§ **ENTRIES SUPPLIED**
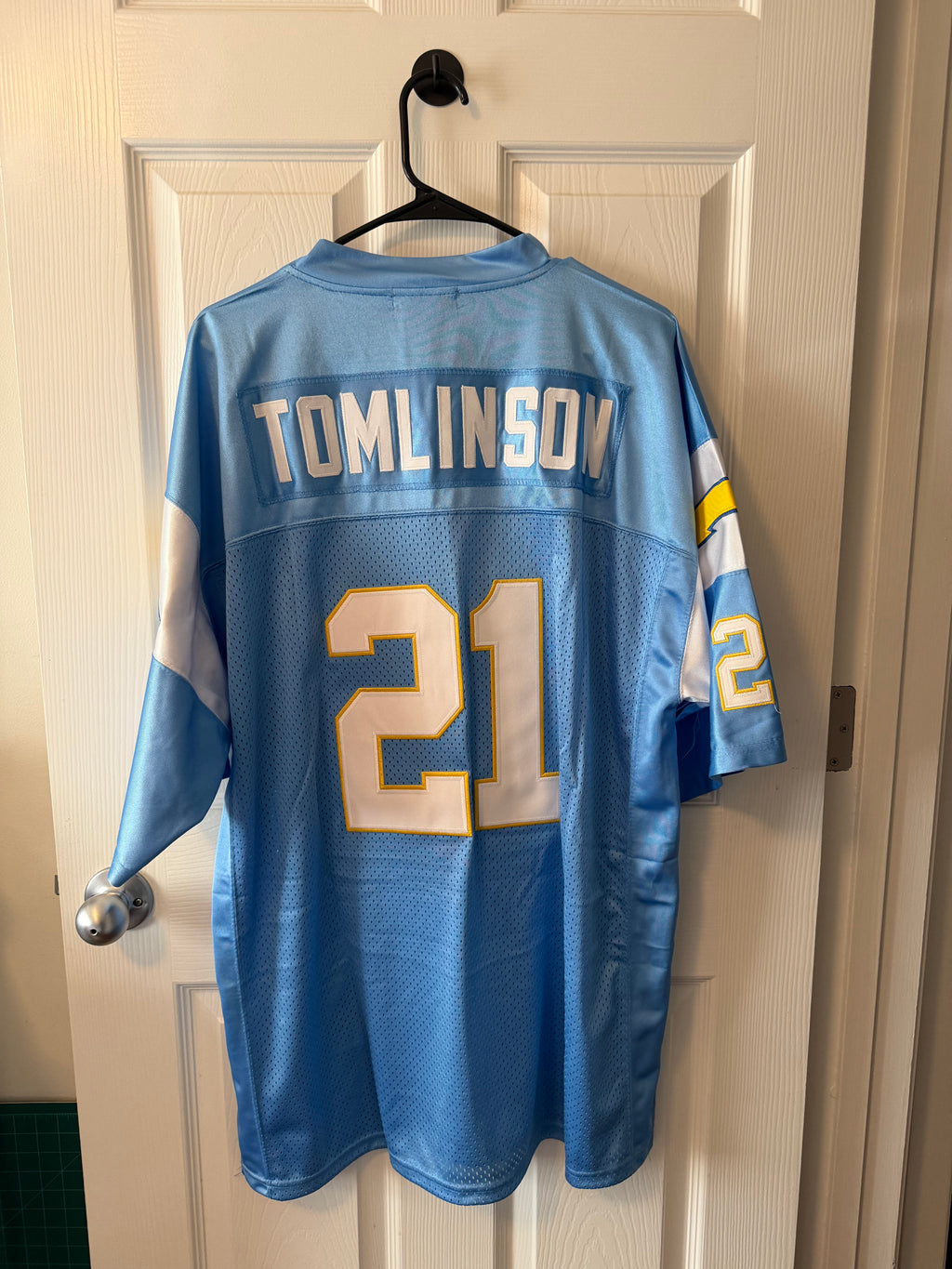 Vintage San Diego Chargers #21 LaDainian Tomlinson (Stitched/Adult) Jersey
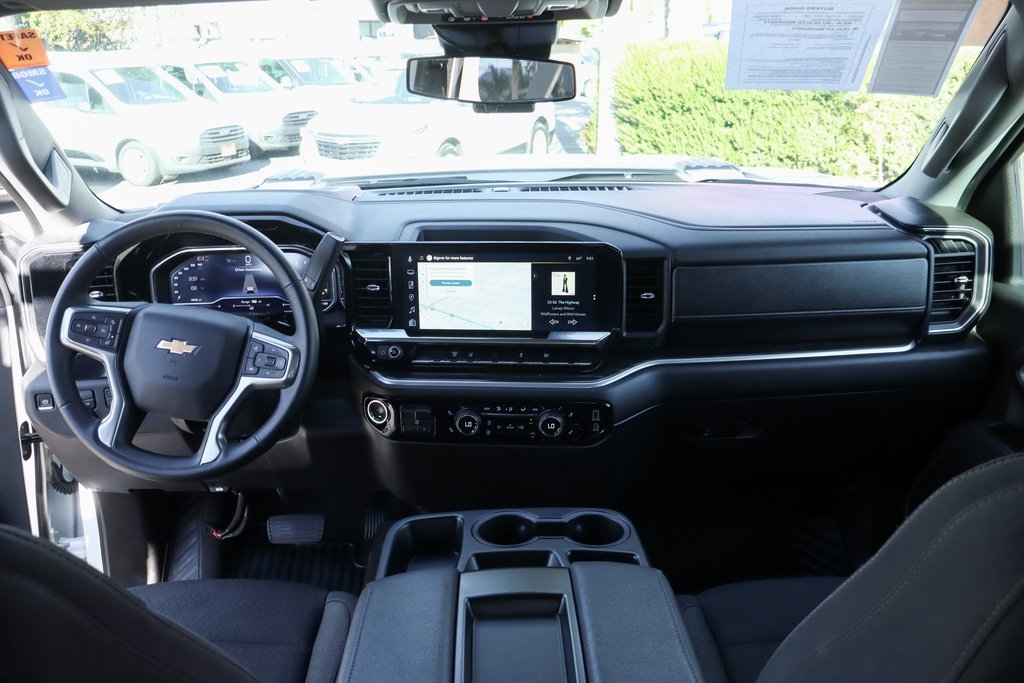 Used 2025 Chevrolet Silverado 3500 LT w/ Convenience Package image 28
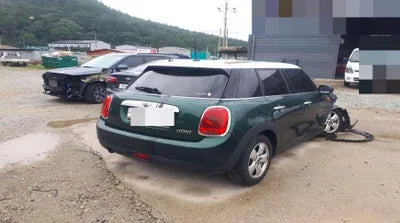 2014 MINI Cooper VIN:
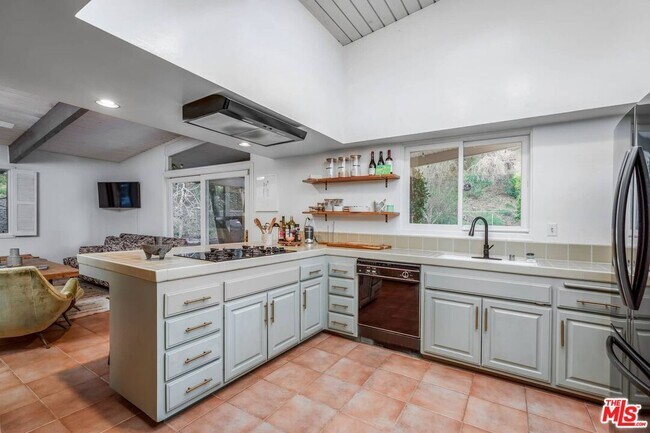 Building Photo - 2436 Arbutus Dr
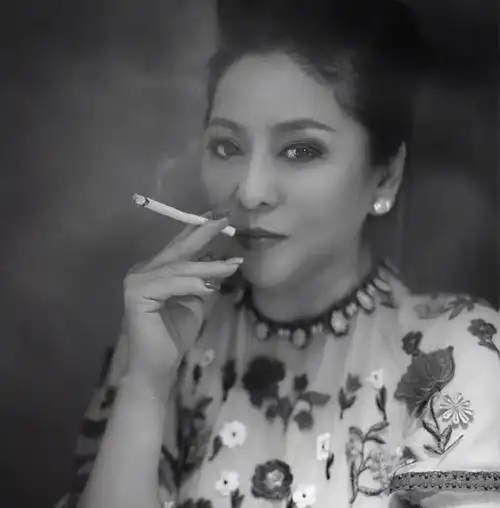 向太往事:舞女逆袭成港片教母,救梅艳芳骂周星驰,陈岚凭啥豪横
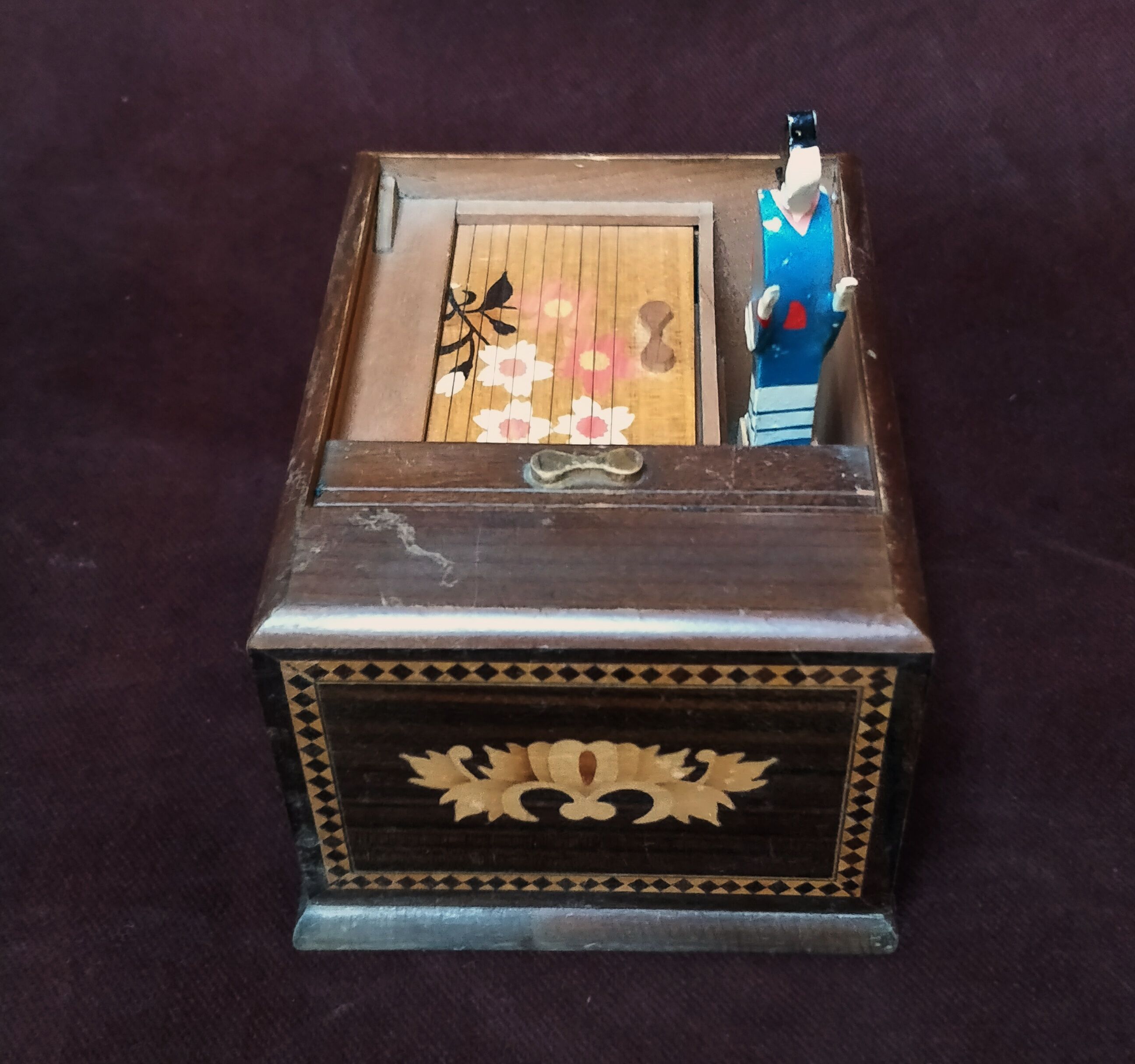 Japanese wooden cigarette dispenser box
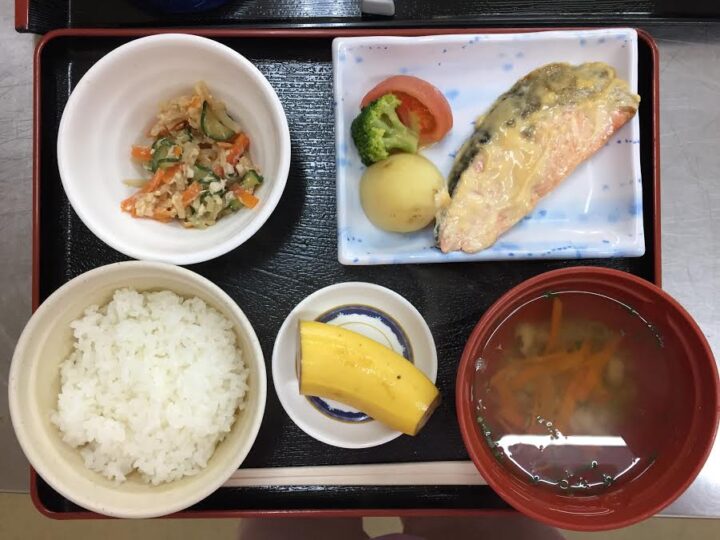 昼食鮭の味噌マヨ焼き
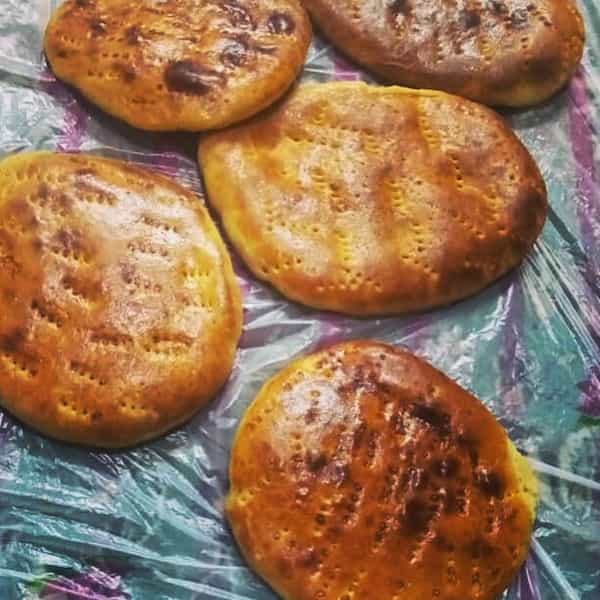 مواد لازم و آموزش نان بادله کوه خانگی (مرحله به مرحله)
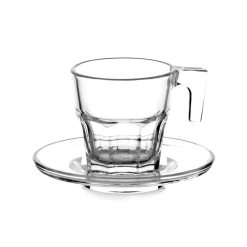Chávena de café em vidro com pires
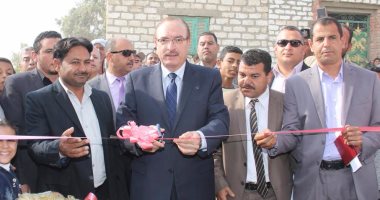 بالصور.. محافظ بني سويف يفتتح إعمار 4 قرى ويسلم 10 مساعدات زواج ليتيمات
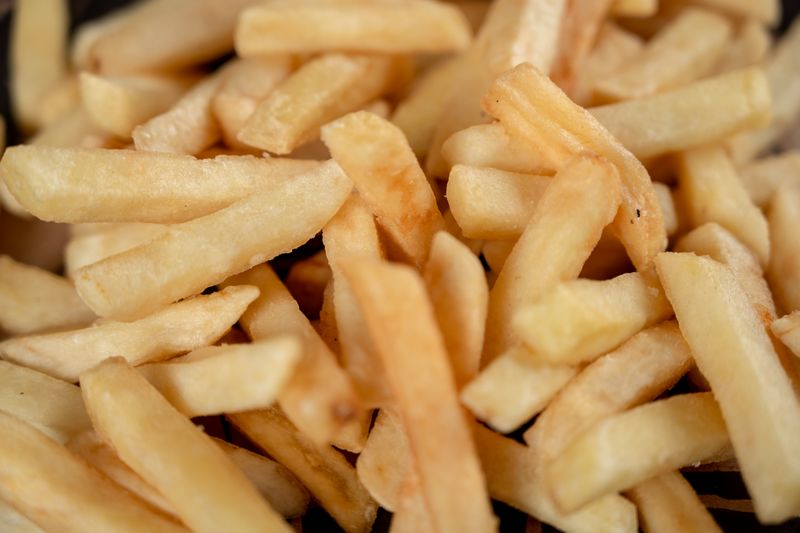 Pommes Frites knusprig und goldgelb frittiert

§ **AIM OF THE TASK**
Starting at the top of the listing above, reproduce each line up to and including the one with "بالصور.. محافظ بني"; omit the pictures.

§ **WRITTEN RESPONSE**
 Vintage San Diego Chargers #21 LaDainian Tomlinson (Stitched/Adult) Jersey
 Used 2025 Chevrolet Silverado 3500 LT w/ Convenience Package image 28
 2014 MINI Cooper VIN:
 Building Photo - 2436 Arbutus Dr
 向太往事:舞女逆袭成港片教母,救梅艳芳骂周星驰,陈岚凭啥豪横
 Japanese wooden cigarette dispenser box
 昼食鮭の味噌マヨ焼き
 مواد لازم و آموزش نان بادله کوه خانگی (مرحله به مرحله)
Chávena de café em vidro com pires
 بالصور.. محافظ بني سويف يفتتح إعمار 4 قرى ويسلم 10 مساعدات زواج ليتيمات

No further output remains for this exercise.